“No me encamino hacia
el final, me encamino hacia el encuentro”. Fue una de sus lúcidas frases en los días en que
anunció su renuncia al ministerio petrino en 2013. Estas pocas palabras podrían
resumir su trayectoria vital de creyente, intelectual, teólogo, profesor,
arzobispo, prefecto, papa… Pero ha sido en los últimos nueve años, cuando hemos
podido ver que la vida de Joseph Ratzinger no caminaba hacia un final sin
sentido, un final de debilidad y muerte, sino hacia el encuentro con una
persona que había dado sentido a toda su larga existencia de 95 años: Jesús.
Su
pontificado se situó entre dos titanes: Juan Pablo II y Francisco, ambos
con una personalidad desbordante, tal vez arrolladora, con un fuerte sentido de
su papel como pontífices, ambos extrovertidos, amigos de frases lapidarias,
creadores de eslóganes, populares, quizás en cierto modo populistas a lo
divino, martillos de ideologías, el uno del comunismo, el otro del capitalismo…

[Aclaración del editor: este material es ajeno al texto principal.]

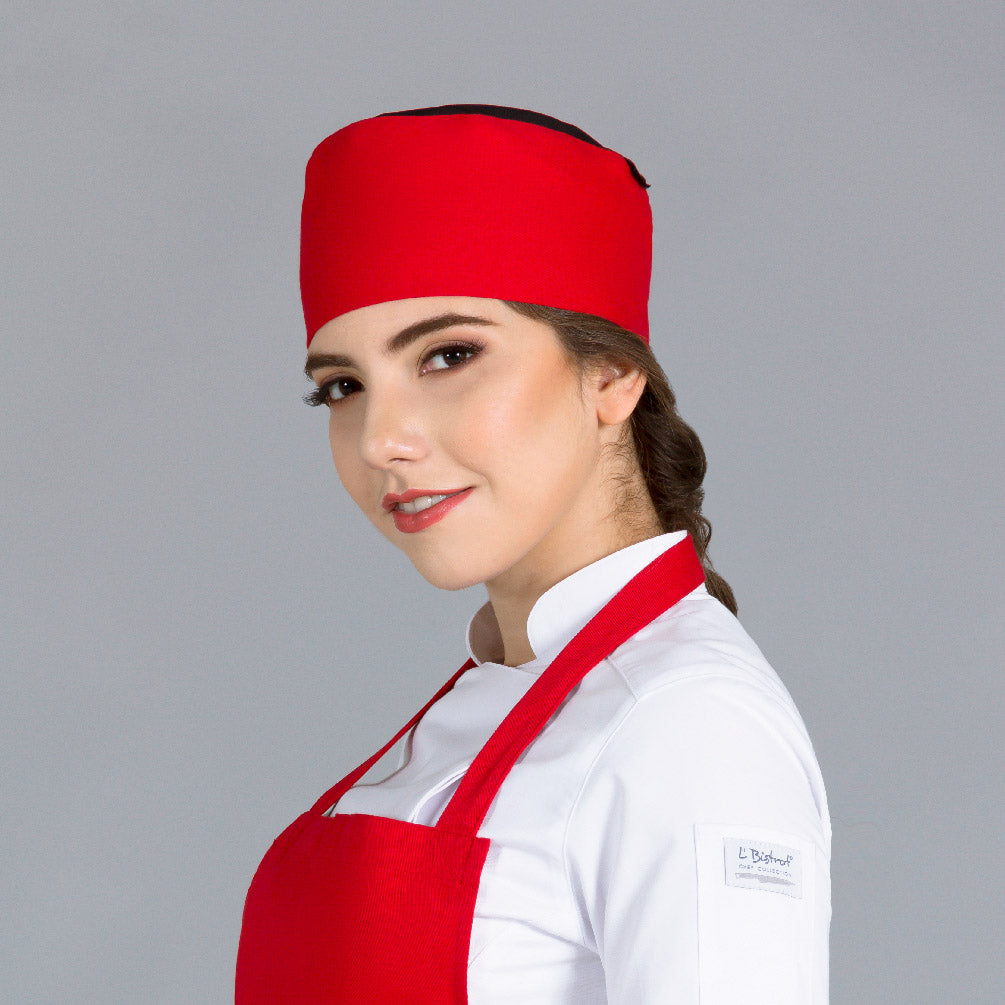 Round Hat with Elastic MD 756 UNISEX 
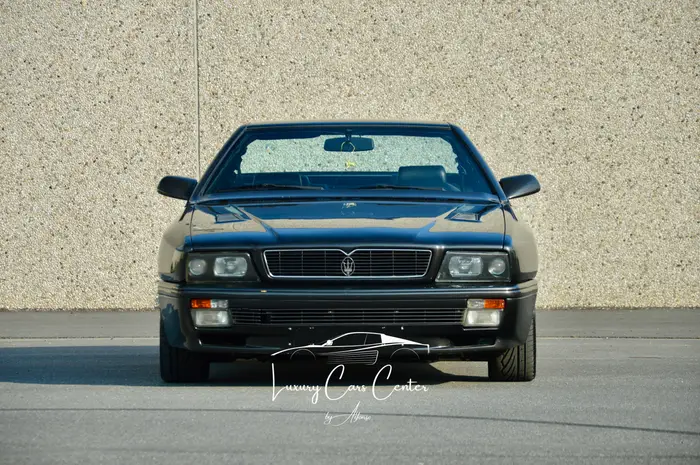 Maserati Ghibli, photo 8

En este contexto, Benedicto apareció como un puentecillo frágil en medio de dos
riberas de exultantes flores y frutos. Benedicto fue el leal colaborador de
Juan Pablo II que puso sobre la mesa lo temas con los que tuvo que lidiar y
resolver Francisco.
Benedicto fue
un Papa vilipendiado y caricaturizado, especialmente en España, país al que
dedicó una atención privilegiada y al que visitó en tres ocasiones, algo que no
ocurrió con ningún otro. Desde el momento en que su figura, tímida, apareció en
el balcón de la fachada de San Pedro, lo quisieron presentar como un
simpatizante del nazismo, únicamente por una fotografía en la que aparece como
miembro de las juventudes hitlerianas, cuando era apenas un niño. Él, como
tantos menores alemanes, fue una víctima, forzada a alistarse. Nos lo quisieron
presentar como inquisidor, intolerante, inflexible, el “panzerKardinal”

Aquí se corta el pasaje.